* TASK STATEMENT
Transcribe exactly the lines below that begin at the line with "Nike Sportswear Tech" and stop after the line with "Set of 2 Silver", leaving out every picture.

Start of DATA LISTING

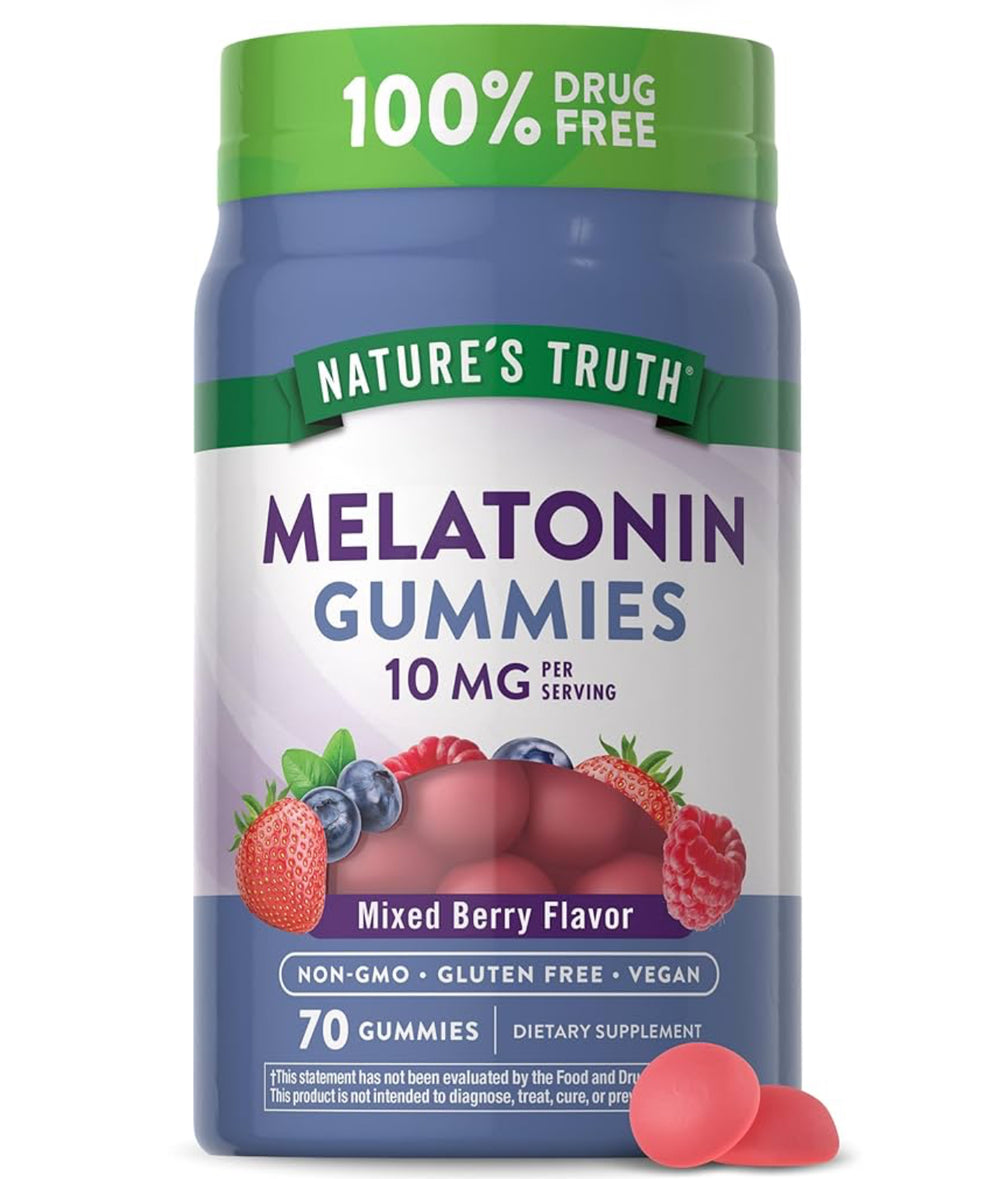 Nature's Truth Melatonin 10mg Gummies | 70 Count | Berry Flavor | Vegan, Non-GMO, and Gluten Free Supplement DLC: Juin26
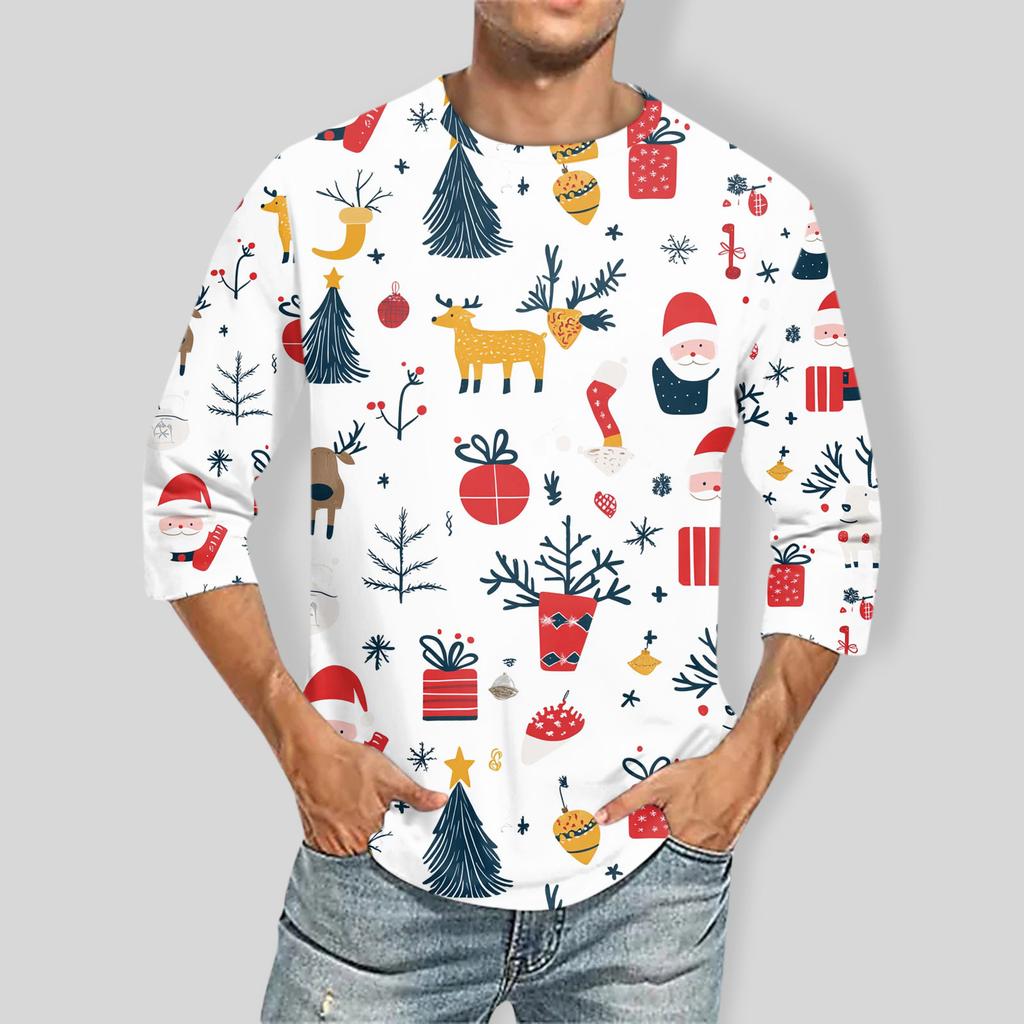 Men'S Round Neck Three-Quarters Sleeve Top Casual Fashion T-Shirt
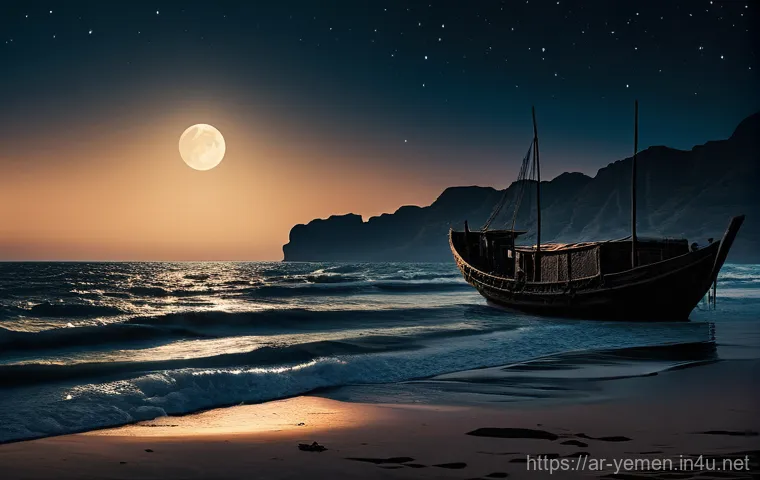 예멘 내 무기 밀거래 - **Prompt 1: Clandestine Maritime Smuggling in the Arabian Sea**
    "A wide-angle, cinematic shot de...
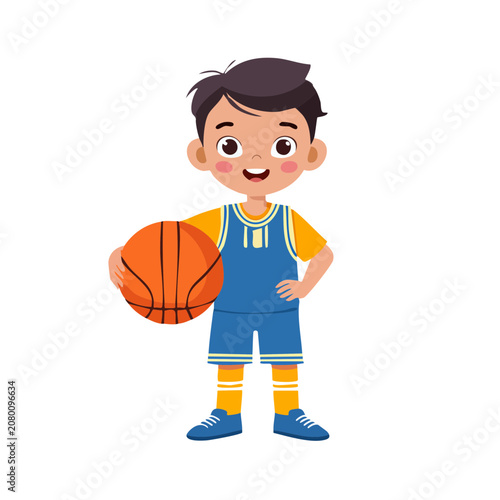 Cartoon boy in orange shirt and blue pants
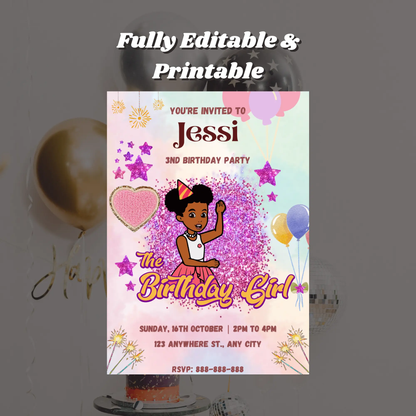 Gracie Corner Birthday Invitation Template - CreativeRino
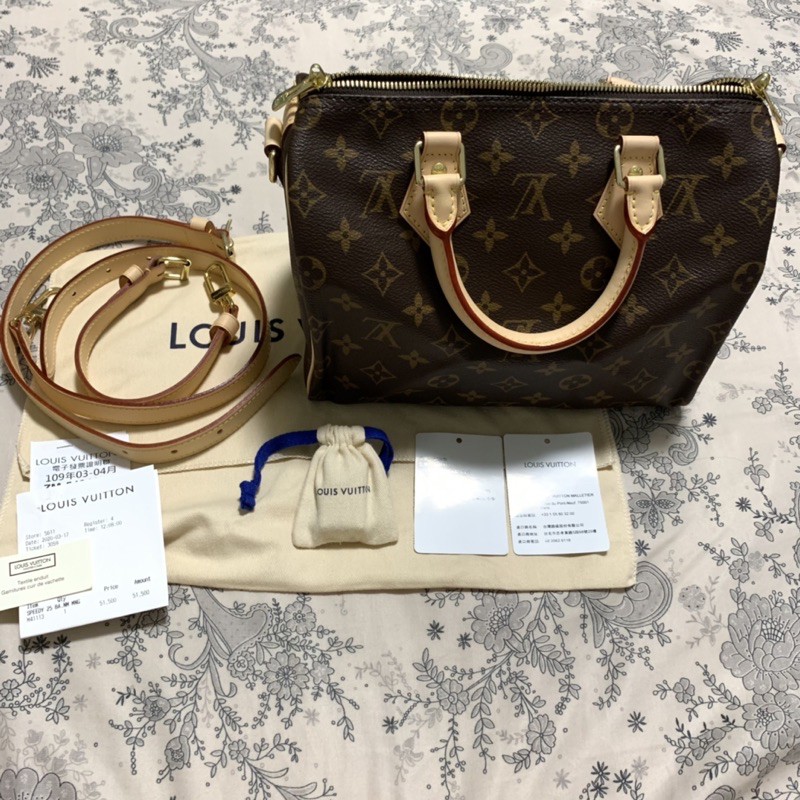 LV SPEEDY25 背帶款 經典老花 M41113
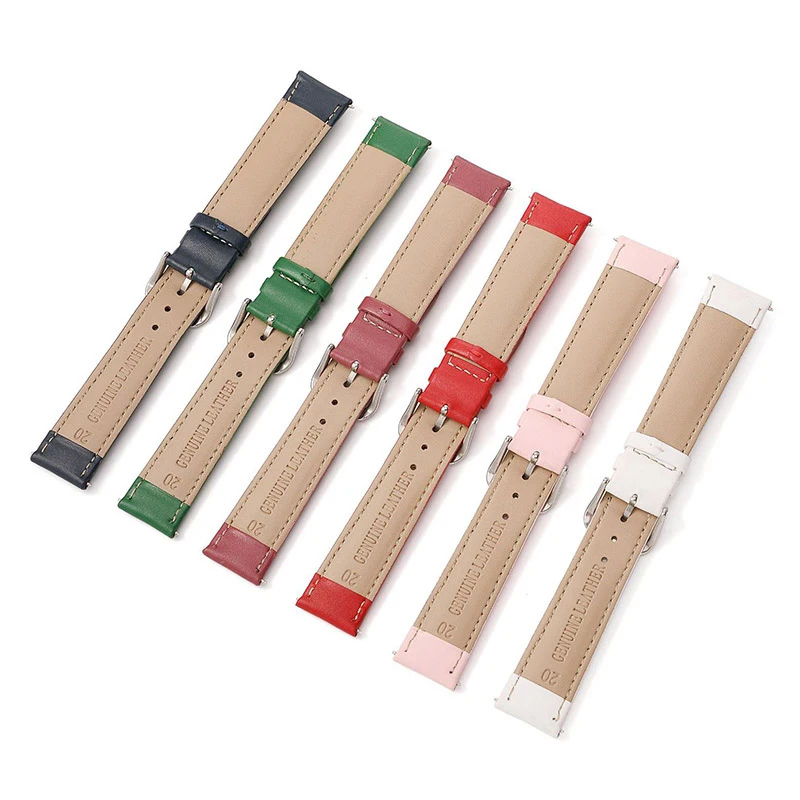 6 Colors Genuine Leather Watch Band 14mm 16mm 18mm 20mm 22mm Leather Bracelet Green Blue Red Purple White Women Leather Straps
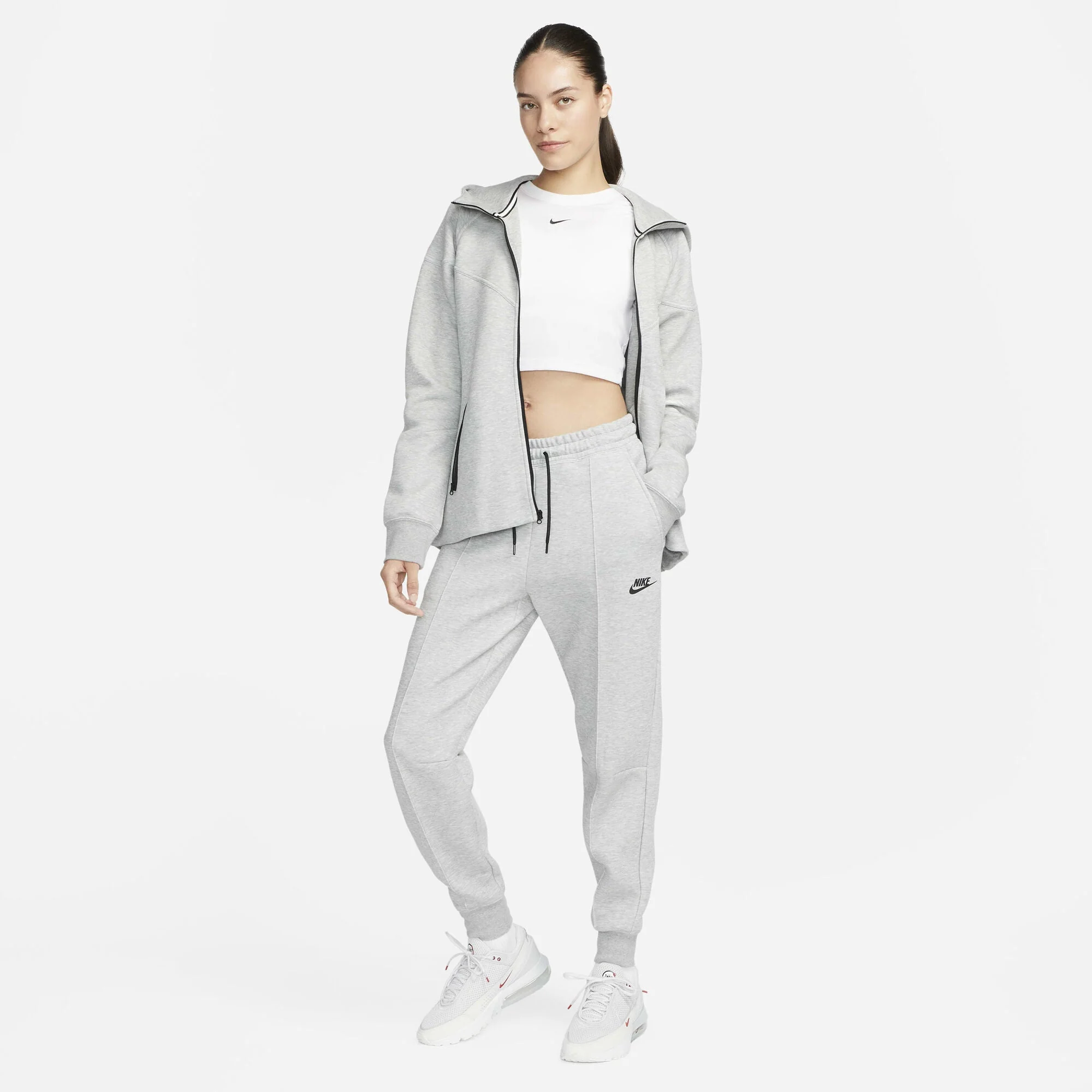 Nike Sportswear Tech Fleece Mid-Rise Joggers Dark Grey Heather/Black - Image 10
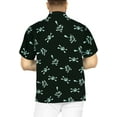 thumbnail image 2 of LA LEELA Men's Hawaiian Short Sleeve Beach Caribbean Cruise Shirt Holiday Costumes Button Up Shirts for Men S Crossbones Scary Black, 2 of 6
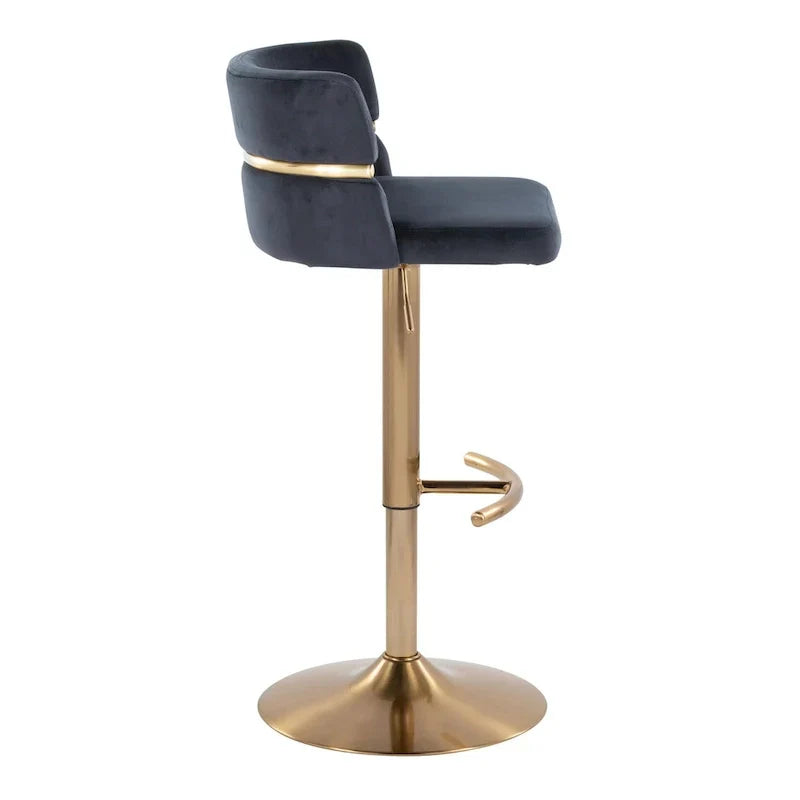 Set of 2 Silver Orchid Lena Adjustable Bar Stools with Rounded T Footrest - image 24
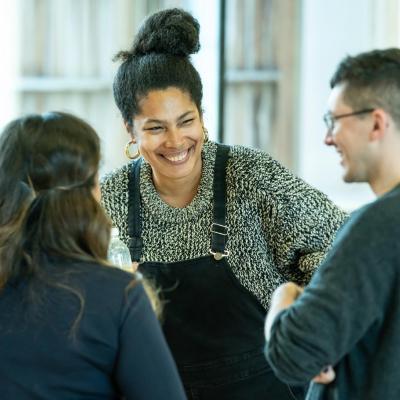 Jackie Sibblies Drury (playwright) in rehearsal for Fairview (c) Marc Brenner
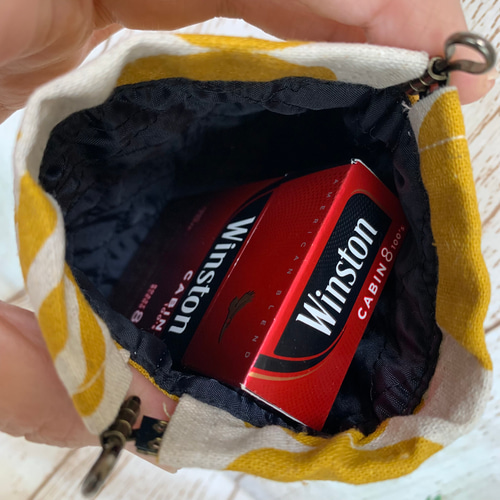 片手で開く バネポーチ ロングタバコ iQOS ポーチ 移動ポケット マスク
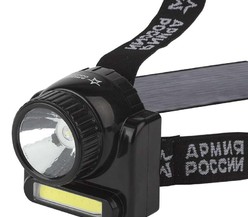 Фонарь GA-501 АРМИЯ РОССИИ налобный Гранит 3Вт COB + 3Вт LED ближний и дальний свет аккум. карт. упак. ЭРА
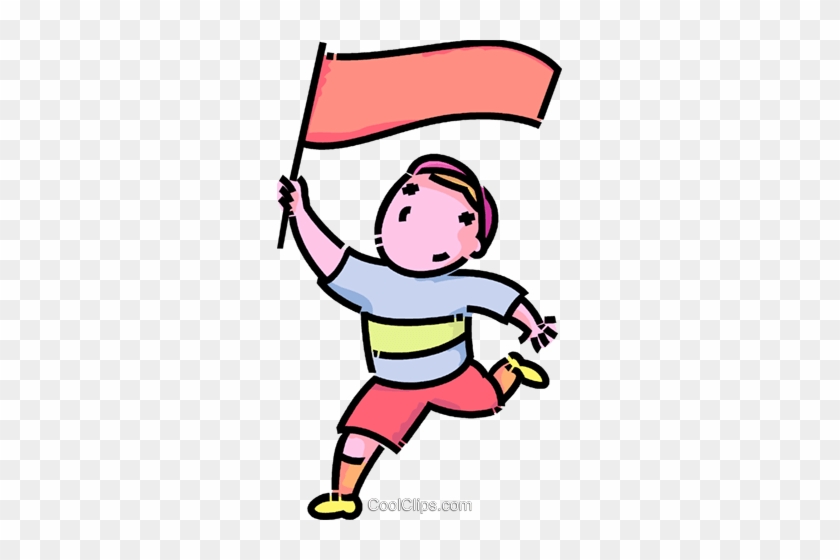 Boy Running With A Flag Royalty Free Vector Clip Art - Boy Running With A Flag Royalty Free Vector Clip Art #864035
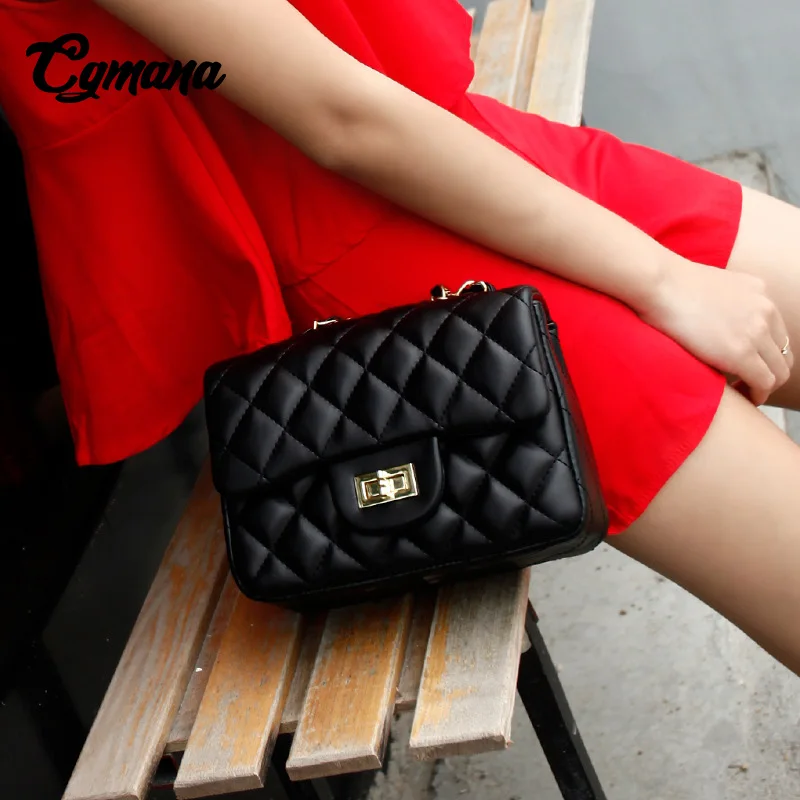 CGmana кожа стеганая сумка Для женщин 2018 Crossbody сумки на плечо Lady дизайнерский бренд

End of DATA LISTING

* EXPECTED ANSWER
 Nike Sportswear Tech Fleece Mid-Rise Joggers Dark Grey Heather/Black - Image 10
 thumbnail image 2 of LA LEELA Men's Hawaiian Short Sleeve Beach Caribbean Cruise Shirt Holiday Costumes Button Up Shirts for Men S Crossbones Scary Black, 2 of 6
 Set of 2 Silver Orchid Lena Adjustable Bar Stools with Rounded T Footrest - image 24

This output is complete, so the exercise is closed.